Keywords: SST, Urban Climate, Polynomial Regression, Harmonic Regression, ARIMA, NNAR

Abstract. Urbanisation is an ever-evolving, complicated continuous process distinct from its surroundings, having the tendency to create a micro-scale system with characteristic local environmental conditions. Large-scale urbanization near the coasts has a definite impact on the coastal processes due to dynamic interactions of the coastal waters with the urban atmospheric, hydrological and anthropogenic residues. This study focuses on understanding the contribution of immediate atmospheric variations due to urbanization on surface temperature of coastal waters along the Mumbai coast.
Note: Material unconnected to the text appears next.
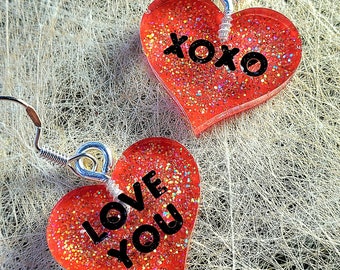 Red heart resin earrings - perfect gift for a loved one!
Different meteorological and air quality parameters such as Air Temperature (AT), Land Surface Temperature (LST), Precipitation (P), Relative Humidity (RH), Wind Speed (WS) and Aerosol Optical Depth (AOD) collectively were used as determinants of local urban climatic environment; to analyse and understand the impact of urbanization on Sea Surface Temperature (SST) representing coastal system. ERA5 Reanalysis meteorological data and MODIS satellite data products were used to extract information of the said parameters for a period of 20 years and time-series analysis was performed for each using Mann-Kendall method to establish their trend. Harmonic regression using Autoregressive Integrated Moving Average (ARIMA) and Neural Network Autoregression (NNAR) were used to model the existing and forecast the future trend of SST which showed an increasing trend with comparatively better representation by NNAR (RMSE 0.4 – 0.7 K). Further, a polynomial multiple regression model was built to correlate the influence of all urban climatic parameters with SST, which clearly indicated positive forcing of local climate variation on the coastal waters with an R2 value of 0.93.